Work order:
Your answer should be the lines from the one with "Cynthia rowley does" to the end of the data below, both included, exact and free of pictures.

Data to examine:
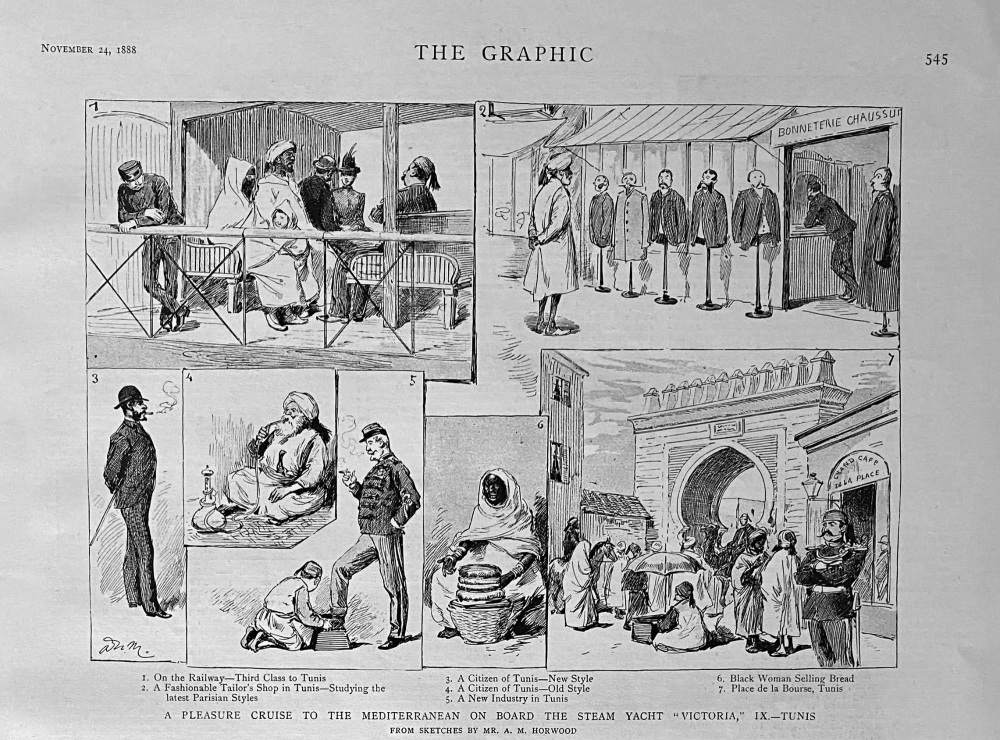 A Pleasure Cruise to the Mediterranean on Board the Steam Yacht "Victoria,"  IX.- Tunis.  1888.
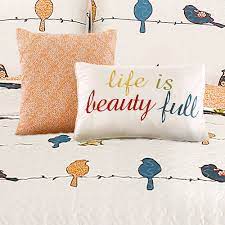 Cynthia rowley does very few bedding with intricate designs and this is one of them. Rowley Birds Quilt 7 Piece Set Lush Decor Www Lushdecor Com Lushdecor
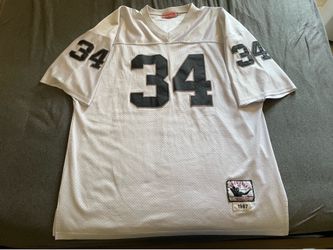 1987 Bo Jackson Stitch Autographed Football Jersey Raiders JSA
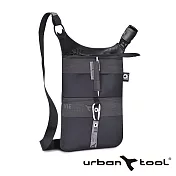 URBAN TOOL pocketBar  隨身雙用側背袋 (黑色/適用 11 吋平板電腦)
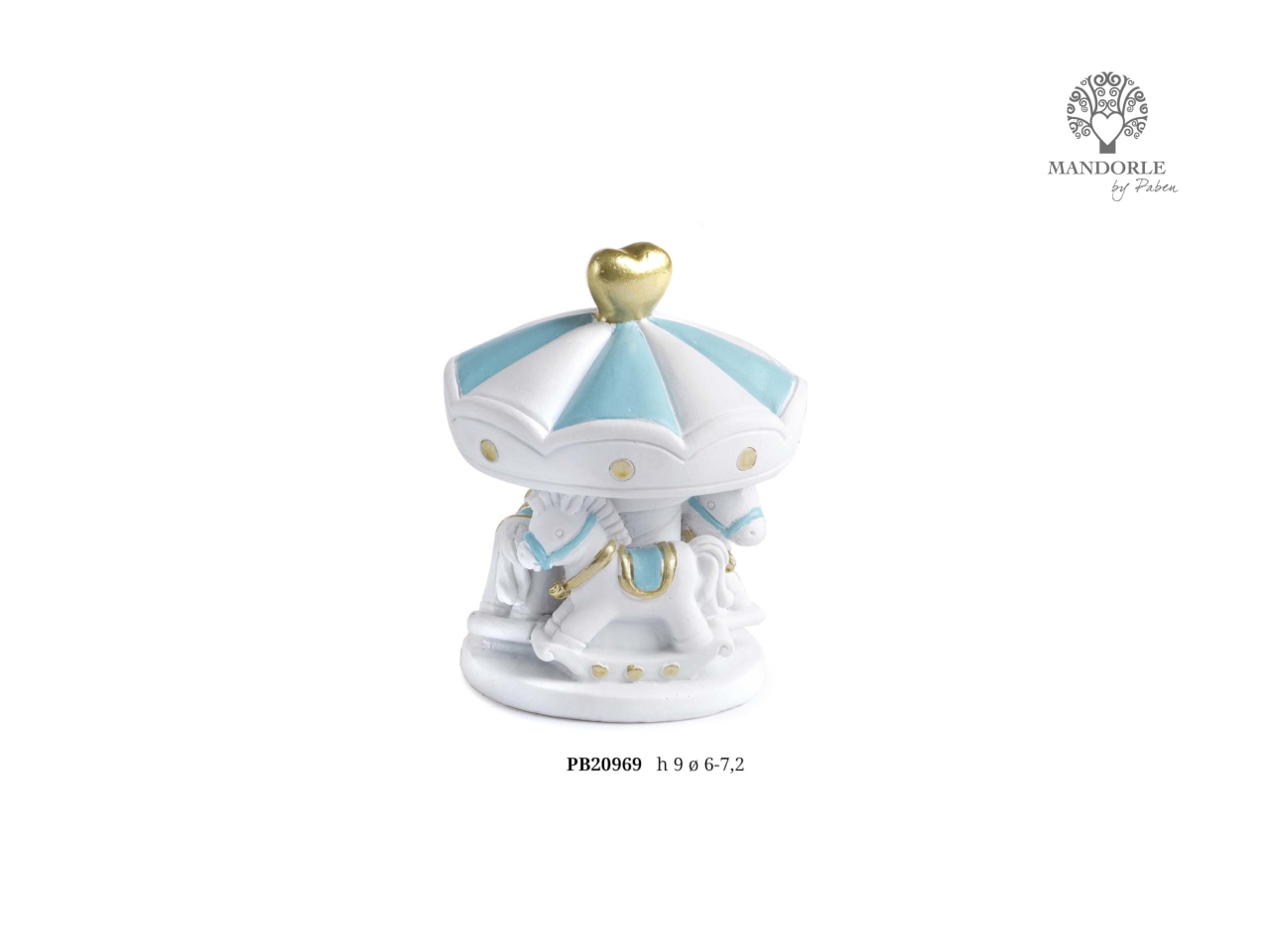 GIOSTRINA CELESTE 9 CM. RESINA PB20969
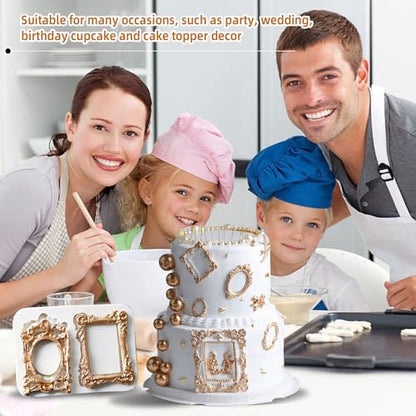 Photo Frame Silicone Fondant Molds (5 Count)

Response for this exercise:
 Cynthia rowley does very few bedding with intricate designs and this is one of them. Rowley Birds Quilt 7 Piece Set Lush Decor Www Lushdecor Com Lushdecor
 1987 Bo Jackson Stitch Autographed Football Jersey Raiders JSA
 URBAN TOOL pocketBar  隨身雙用側背袋 (黑色/適用 11 吋平板電腦)
 GIOSTRINA CELESTE 9 CM. RESINA PB20969
 Photo Frame Silicone Fondant Molds (5 Count)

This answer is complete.